As you would expect in some cold weather conditions condensation is likely to occur with roofs covering a sealed heated space. The design of the roof gradients and edge detailing can minimise any problems.
Ventilation can obviously reduce the risk but if more control is required then it would be necessary to incorporate a second skin and possibly additional thermal quilt. Control of the air flow in the air gap is recommended to get the best environmental control. A sealed gap is best in winter for insulation and good air flow in the summer will help cooling. The design of roofs especially conic forms can make use of the passive stack effect ventilation with fans or louvres used to enhance the performance if required
A single fabric membrane is virtually transparent to low frequency sound due to its low mass. A double skin with an acoustic quilt inter layer will give you the absorption figures required. Reverberation times on the other hand can be very successfully reduced with tensile fabric linings with acoustic quilt behind wither wall mounted or hung on drop wires.
Unlike glass or brittle panels fabric is highly resistant to impact damage from blunt objects. It is however susceptible to sharp objects.
Small cuts can be repaired with glue-on patches. Larger tears may need specialist repair with portable hot air welders. If an invisible repair is required then the membrane may need to be removed and a replacement panel inserted in the factory. Graffiti solvents may damage the PVC lacquers so should be avoided.
PTFE fabrics are highly resistant to abuse as paints wont key to the surface. The sensible solution is to design out the problem as much as possible but putting the fabric out of reach and details the masts accordingly to minimise the risk of climbing. In vulnerable areas a modular canopy with slide out panels may be a sensible precaution to minimise replacement costs. Some structures such as public bus stops in very exposed sites are probably not ideally suited for membranes.

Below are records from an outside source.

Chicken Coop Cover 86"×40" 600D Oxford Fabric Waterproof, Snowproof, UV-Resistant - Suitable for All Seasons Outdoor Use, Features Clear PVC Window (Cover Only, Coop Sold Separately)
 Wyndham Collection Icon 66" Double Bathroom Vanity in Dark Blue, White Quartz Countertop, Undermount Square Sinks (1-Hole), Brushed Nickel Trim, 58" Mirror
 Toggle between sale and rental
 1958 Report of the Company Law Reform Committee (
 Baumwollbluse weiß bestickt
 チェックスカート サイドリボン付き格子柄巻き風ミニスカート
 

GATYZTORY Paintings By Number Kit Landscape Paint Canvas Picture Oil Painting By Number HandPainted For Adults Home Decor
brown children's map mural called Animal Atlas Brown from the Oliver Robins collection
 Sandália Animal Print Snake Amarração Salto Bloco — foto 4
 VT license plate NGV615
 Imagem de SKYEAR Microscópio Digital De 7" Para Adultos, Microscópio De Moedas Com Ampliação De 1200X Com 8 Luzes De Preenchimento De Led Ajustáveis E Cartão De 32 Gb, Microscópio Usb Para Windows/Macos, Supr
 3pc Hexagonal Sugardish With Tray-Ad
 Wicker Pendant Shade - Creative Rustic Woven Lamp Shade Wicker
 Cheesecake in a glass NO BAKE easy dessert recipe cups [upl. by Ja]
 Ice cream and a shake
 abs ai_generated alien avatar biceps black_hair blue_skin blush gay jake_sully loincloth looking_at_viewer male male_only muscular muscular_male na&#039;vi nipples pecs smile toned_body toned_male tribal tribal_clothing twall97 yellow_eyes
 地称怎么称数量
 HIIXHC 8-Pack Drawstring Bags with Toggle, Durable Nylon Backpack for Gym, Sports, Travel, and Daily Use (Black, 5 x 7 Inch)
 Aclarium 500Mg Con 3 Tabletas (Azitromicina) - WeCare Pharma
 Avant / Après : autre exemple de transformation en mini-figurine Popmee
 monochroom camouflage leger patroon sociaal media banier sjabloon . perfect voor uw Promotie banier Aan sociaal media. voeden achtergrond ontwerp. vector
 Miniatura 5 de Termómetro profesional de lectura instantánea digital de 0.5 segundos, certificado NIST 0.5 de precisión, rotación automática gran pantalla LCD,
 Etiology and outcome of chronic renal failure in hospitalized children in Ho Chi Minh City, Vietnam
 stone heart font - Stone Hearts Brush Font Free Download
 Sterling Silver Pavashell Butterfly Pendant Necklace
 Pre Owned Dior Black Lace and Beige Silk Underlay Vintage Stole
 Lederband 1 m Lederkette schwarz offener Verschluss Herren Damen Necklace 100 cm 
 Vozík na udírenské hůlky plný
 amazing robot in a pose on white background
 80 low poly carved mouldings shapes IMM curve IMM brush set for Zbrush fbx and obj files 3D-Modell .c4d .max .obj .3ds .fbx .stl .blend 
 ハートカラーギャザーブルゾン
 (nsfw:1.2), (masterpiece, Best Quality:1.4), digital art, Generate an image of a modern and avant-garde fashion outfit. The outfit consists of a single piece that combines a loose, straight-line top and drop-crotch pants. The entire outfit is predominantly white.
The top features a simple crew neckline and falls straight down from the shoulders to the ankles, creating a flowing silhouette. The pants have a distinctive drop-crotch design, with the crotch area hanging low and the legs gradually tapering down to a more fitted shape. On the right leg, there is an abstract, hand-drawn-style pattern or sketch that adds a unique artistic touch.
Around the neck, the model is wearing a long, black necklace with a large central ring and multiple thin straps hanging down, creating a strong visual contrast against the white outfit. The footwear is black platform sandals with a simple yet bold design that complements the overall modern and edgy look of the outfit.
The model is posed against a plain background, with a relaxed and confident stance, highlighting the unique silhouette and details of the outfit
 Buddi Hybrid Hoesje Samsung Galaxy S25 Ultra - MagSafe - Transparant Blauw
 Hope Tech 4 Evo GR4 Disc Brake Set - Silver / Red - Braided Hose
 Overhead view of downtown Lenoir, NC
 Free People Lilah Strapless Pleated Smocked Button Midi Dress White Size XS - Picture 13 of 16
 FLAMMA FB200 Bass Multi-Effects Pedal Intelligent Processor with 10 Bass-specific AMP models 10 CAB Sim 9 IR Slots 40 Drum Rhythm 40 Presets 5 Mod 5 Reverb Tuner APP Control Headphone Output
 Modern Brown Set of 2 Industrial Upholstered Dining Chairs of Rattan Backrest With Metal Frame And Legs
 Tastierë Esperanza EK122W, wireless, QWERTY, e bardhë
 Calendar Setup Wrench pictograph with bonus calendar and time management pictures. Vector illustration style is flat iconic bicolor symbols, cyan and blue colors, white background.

Advantages over overhead glass canopies are that thrown objects tend to bounce off a fabric canopy and health and safety issue of falling glass is largely resolved.
For the smaller structures this is done with long handled brushes and soapy water if necessary from cherry pickers or tower scaffolds. With the larger membranes trained rope access riggers abseil from high level anchorage points or traverse across the membrane with a Latchway or similar restraint system using brushes and water filled back packs or pressure washers.
Every structure has its own maintenance manual describing fixing points and cleaning procedures. Ideally canopies should be cleaned annually but PTFE/glass fabric would be the preferred option if cleaning is unlikely or impractical. This is because its inherent no-stick surface resists pollutant adhesion and allows rain to clean off most dirt. Raw PVC is readily adhered to by pollutants so all membranes are treated with dirt resistant lacquers or surface foils.
Careful cleaning maintains their life and the optimum appearance of the membrane.
The fabric manufacturer can issue a 5 year up to a 10 year warranty covering the structural strength and integrity of the fabric. The specialist subcontractor can be asked for a collateral design warranty. We recommend that structures have annual inspections to ensure the ongoing integrity of each critical component.